→ EXERCISE
Copy exactly the lines of the records below, and only those lines, beginning with the line that contains "Woman wearing high-waist" and ending with the line that contains "May include: A gold".

→ DATA RECORDS
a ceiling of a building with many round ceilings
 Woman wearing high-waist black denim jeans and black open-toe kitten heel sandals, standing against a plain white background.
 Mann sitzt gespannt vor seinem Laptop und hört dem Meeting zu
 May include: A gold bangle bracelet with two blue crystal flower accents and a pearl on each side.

...

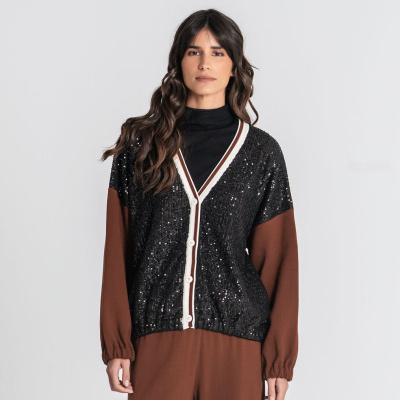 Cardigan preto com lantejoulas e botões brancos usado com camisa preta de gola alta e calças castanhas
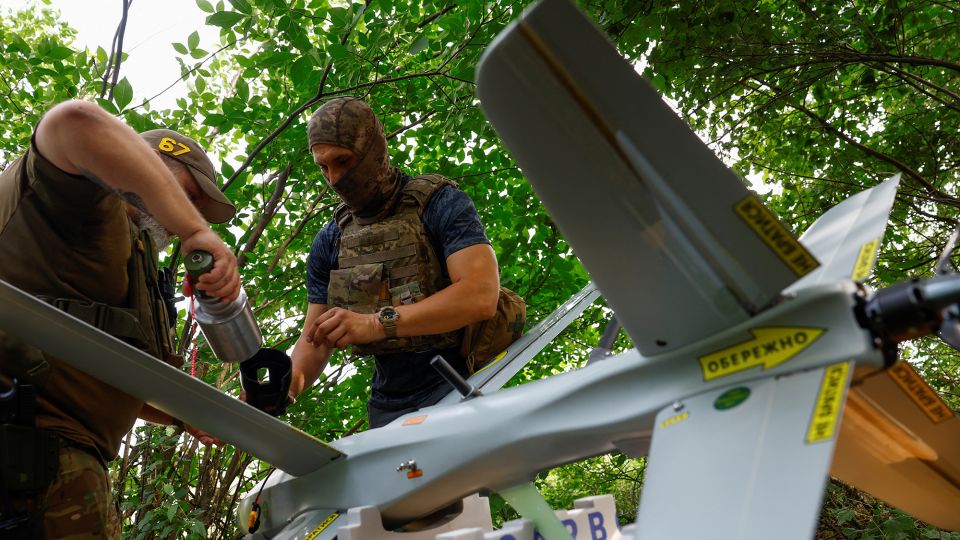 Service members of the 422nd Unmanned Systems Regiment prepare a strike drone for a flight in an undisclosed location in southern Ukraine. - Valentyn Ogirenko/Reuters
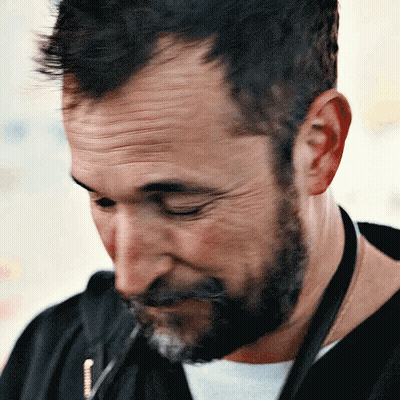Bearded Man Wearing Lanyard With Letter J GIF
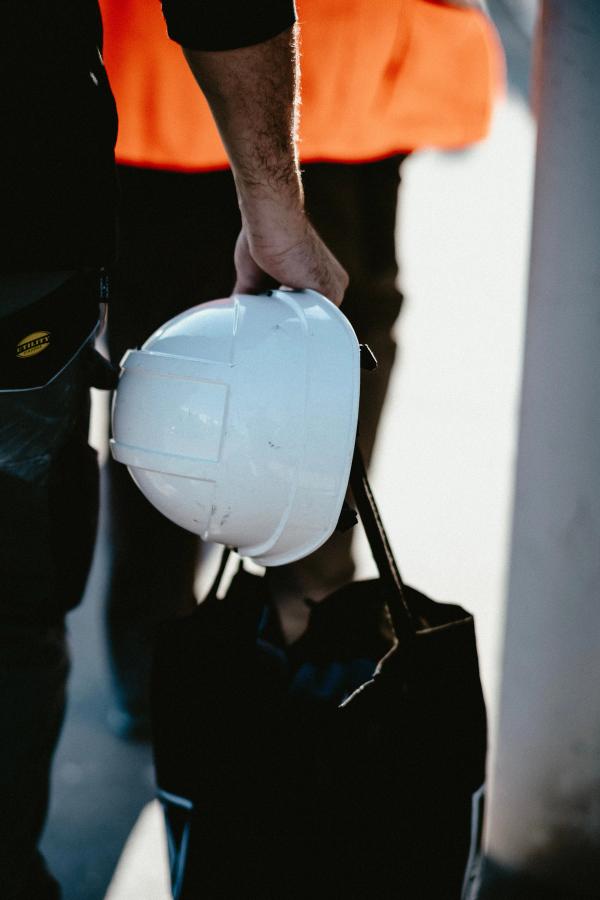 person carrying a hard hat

* * *

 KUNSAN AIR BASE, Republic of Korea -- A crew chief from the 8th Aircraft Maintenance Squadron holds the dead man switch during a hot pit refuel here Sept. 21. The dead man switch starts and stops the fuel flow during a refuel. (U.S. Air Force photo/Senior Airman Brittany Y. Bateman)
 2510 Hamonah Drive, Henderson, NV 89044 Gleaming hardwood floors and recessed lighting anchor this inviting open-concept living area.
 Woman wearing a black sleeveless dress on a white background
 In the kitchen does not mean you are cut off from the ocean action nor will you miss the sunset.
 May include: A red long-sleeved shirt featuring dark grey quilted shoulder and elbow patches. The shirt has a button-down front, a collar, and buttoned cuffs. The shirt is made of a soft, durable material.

→ YOUR RESPONSE
 Woman wearing high-waist black denim jeans and black open-toe kitten heel sandals, standing against a plain white background.
 Mann sitzt gespannt vor seinem Laptop und hört dem Meeting zu
 May include: A gold bangle bracelet with two blue crystal flower accents and a pearl on each side.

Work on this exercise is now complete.